Posted September 11, 2021 by Zarkonnen
Last weekend, I participated in the Stop Waiting For Godot Jam, organised by Terry Cavanagh. The aim of the jam was to try out Godot, an open-source game engine broadly similar to Unity. It's been making great strides over the past few years, and I've been meaning to check it out for a while. A lot of other people have also been stuck in this "I should check it out" state, hence the jam, which ended up with 299 entries.
I decided to make a colourful alien market from 2D pictures arranged in 3D space - a kind of "cardboard stage" aesthetic.
I've been thinking about the alien market thing for a while, because of the whole way that science fiction keeps on giving us planets that consist of a single biome, a single town, that look and feel less "foreign" than going to an actual foreign country here on earth. So I wanted to zoom in on one part of one town on one planet and try to make that feel alive and diverse enough. Obviously a tall order for a jam game, but it's about the journey.
I got into Godot pretty easily, having read the introduction in the excellent documentation. It is very similar to Unity, so if you're familiar with that at all, you'll feel at home. Once I figured out how to switch to WASD movement for the editor view (shift-F), I was able to make progress in creating and placing quads (2D pictures).
There were however a bunch of annoyances with getting those quads to work properly. Initially, I used 3D sprites, but they turned out to be extremely bad at rendering in the correct order - sprites closer to the camera drawn on top of those further away. I switched to generic quads, and after fiddling around with the settings for the render material, ended up with something that kind of worked.
I also couldn't get texture atlases to work for the quads. I'd drawn the graphics I thought I'd need onto a single 2000x2000 pixel image, and I expected to be able to tell each quad which part of the image to draw. There was a setting for this, but it just didn't actually work. So I ended up having to manually disassemble the image and then tediously duplicate and edit the texture for each quad.

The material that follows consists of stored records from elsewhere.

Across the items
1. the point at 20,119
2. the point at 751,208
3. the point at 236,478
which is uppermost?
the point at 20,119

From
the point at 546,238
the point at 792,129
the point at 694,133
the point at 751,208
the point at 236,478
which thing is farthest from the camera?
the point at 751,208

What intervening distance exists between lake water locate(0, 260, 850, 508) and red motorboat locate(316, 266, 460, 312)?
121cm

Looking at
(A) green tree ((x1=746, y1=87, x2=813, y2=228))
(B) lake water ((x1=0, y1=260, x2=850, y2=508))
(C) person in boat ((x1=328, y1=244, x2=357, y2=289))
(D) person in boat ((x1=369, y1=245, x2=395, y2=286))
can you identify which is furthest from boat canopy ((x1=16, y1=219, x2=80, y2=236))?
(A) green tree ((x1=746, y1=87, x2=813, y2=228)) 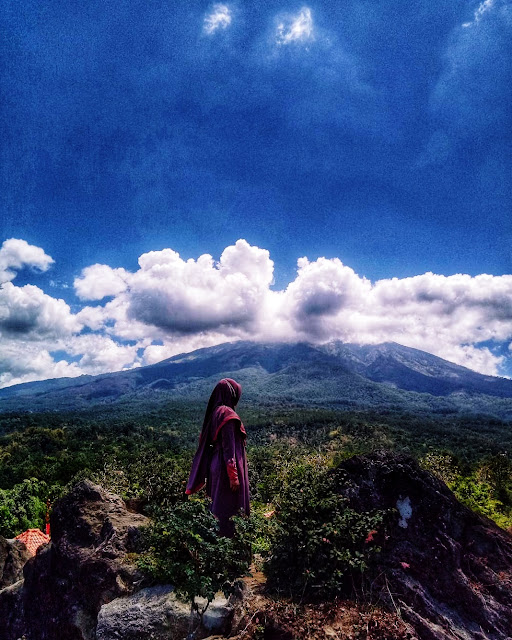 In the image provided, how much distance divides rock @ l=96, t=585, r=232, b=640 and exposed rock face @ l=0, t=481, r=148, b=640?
0.40m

The programming language, GDScript, was very pleasant to use. It's very similar to Python and has excellent support, because the editor is directly integrated into the development environment.
Not great code, but it's very readable!
Also, turns out creating 3D levels takes time! I spent hours just positioning pictures in 3D space and still didn't quite get that sense of crowded, messy detail that I wanted. I kept on thinking that it would be an order of magnitude faster if I was able to just draw the details into the scene instead of drawing individual bits, laboriously importing them, and then trying to use them in a way that looked nice.

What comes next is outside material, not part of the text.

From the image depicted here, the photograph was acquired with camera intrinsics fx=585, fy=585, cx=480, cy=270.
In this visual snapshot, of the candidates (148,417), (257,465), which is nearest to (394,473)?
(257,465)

Finally, I was somewhat satisfied with my little market, so with a few hours left before the deadline, I glued in some super-basic dialog systems and added music I threw together in 15 minutes of hitting keys in GarageBand. I would have liked to push the music aspect to feel more alien, but with the time constraints, I ended up going for the lazy and uh borderline orientalist option of using a marimba and an erhu plus some percussion. Just use an African and a Chinese instrument, and voilà, aliens!
Anyway. The game exported to HTML very easily and runs reasonably smoothly like that. Give it a try - just wander around with the arrow keys and visit the market stalls.
The next day, I felt that I had spent a lot of time just making a level rather than trying out what the engine could do, so I spent about an hour putting together a quick thing where you can fly around a spaceship made out of constructive solid geometry parts, heavily inspired by Escape Velocity.
So, what's the verdict on Godot?
Pros
Things I'm not sure about where I just may not have figured it out yet
Cons
Mostly a lot of minor GUI complaints.
Then there was some stuff I couldn't get to work: Setting a material to display as a billboard weirdly worked in the editor but not while the game was running. And as mentioned above, using a texture atlas for a material also just didn't work, or at least didn't work in the way I expected it to.